Input for this task section start

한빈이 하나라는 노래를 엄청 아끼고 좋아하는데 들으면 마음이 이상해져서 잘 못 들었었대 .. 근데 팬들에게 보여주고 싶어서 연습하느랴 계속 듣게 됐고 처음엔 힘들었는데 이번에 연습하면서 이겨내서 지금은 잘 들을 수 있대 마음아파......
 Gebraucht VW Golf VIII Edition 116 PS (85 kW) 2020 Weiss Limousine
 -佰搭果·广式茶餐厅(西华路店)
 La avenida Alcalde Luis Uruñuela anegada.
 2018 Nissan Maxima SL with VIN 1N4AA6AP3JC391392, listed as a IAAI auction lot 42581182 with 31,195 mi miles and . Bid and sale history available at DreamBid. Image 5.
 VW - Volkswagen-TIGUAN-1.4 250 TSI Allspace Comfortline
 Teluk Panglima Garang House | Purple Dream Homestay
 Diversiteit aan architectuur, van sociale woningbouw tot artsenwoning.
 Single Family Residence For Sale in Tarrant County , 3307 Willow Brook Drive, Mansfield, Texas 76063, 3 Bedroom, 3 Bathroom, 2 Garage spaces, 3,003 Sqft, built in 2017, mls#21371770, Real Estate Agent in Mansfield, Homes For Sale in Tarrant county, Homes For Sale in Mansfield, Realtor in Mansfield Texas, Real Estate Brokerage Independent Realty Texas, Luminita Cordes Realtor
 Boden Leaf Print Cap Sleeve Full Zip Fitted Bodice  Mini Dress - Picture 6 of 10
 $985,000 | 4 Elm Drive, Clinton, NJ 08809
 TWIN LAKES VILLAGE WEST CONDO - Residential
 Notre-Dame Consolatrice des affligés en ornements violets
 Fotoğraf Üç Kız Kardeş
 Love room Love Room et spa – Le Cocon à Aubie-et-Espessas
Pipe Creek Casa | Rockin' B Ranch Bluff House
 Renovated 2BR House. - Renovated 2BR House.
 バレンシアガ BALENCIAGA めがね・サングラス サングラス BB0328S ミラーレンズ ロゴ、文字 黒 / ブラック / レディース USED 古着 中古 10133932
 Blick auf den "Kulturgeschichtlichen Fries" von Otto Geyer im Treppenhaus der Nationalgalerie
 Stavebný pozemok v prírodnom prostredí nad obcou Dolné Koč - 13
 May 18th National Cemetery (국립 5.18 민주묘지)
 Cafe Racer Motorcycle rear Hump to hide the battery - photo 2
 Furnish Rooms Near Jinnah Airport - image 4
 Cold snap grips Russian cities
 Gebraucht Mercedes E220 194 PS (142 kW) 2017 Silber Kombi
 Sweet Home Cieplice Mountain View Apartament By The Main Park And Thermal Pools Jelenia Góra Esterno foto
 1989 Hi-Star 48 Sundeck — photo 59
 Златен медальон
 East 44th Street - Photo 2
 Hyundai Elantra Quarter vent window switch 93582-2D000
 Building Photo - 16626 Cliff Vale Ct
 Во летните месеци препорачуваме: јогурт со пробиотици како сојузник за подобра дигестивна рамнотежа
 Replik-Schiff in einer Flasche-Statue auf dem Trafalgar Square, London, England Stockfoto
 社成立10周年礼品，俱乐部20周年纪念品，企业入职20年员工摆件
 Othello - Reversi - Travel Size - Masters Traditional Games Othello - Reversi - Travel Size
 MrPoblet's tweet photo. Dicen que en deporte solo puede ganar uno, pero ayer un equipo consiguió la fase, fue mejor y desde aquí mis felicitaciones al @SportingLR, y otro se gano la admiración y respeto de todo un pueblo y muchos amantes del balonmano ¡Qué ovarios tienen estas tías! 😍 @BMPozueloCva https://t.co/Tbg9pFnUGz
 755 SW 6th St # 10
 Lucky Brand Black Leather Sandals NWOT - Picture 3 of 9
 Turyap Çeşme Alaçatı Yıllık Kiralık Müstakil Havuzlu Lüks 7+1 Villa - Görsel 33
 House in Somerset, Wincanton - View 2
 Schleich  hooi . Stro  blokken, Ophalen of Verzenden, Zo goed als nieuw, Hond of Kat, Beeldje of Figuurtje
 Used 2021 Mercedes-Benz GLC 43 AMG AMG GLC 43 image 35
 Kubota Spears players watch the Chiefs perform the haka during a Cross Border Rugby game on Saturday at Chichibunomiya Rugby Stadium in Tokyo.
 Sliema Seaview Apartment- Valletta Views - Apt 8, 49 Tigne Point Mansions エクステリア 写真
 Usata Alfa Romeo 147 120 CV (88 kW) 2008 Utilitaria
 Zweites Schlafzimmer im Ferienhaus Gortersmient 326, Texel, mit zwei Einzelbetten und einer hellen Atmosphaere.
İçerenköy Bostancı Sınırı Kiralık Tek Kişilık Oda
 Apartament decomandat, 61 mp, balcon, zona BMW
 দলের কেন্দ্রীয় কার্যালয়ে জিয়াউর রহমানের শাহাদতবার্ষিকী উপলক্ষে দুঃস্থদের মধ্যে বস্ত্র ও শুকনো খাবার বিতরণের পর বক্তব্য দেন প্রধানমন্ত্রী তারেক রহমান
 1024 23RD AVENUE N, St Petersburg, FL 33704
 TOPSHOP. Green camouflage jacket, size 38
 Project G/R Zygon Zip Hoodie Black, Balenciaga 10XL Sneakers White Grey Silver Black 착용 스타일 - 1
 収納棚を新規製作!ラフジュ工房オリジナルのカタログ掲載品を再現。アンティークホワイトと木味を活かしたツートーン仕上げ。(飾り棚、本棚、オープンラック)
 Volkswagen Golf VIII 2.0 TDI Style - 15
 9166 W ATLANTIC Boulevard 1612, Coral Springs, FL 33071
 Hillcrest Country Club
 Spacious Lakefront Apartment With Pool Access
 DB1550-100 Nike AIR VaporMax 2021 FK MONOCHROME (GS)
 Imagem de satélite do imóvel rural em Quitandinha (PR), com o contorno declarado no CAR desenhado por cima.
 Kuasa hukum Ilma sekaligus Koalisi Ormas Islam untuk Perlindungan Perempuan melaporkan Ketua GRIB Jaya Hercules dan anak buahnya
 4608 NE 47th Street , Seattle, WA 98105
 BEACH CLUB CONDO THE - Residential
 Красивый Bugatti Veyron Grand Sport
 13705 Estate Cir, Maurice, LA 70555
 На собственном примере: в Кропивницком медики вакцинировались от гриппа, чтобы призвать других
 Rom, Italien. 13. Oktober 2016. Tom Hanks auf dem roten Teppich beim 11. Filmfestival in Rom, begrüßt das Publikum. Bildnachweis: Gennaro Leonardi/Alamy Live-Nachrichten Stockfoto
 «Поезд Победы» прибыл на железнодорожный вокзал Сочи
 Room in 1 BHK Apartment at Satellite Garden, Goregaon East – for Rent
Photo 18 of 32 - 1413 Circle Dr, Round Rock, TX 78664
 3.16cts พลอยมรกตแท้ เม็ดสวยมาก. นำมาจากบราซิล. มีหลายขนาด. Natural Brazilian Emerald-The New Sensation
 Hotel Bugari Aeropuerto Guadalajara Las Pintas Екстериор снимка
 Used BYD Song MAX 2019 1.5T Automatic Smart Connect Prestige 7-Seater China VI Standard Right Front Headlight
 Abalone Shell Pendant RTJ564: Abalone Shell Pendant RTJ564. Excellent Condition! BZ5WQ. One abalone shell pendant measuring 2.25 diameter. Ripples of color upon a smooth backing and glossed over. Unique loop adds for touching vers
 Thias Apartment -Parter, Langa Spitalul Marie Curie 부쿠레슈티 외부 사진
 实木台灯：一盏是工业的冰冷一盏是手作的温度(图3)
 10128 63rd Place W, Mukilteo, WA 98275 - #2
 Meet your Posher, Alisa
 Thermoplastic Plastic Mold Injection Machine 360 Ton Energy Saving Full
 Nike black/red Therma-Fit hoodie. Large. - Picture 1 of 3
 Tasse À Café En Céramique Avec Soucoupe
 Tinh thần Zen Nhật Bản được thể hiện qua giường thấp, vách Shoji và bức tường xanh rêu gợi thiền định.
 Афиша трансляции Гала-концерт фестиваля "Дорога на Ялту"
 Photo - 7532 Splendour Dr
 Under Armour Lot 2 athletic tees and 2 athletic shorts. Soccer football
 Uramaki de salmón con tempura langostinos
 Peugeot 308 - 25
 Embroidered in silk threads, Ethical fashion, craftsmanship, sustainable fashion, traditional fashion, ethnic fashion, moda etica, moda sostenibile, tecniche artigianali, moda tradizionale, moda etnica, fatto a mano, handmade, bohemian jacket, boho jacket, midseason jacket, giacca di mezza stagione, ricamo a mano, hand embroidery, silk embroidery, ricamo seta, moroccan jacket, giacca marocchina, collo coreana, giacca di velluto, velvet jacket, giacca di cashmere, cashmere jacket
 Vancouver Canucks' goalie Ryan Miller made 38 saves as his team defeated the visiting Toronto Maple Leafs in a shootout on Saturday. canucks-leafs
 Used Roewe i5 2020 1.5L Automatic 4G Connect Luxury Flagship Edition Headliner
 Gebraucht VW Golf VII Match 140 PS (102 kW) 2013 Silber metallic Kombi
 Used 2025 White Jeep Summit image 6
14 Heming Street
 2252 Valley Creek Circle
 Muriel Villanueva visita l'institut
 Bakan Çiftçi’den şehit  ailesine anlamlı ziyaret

Input for this task section end

Problem to solve:
Wherever the string "Creek" occurs in the data, copy the line that holds it.

Exercise solution:
Pipe Creek Casa | Rockin' B Ranch Bluff House
 2252 Valley Creek Circle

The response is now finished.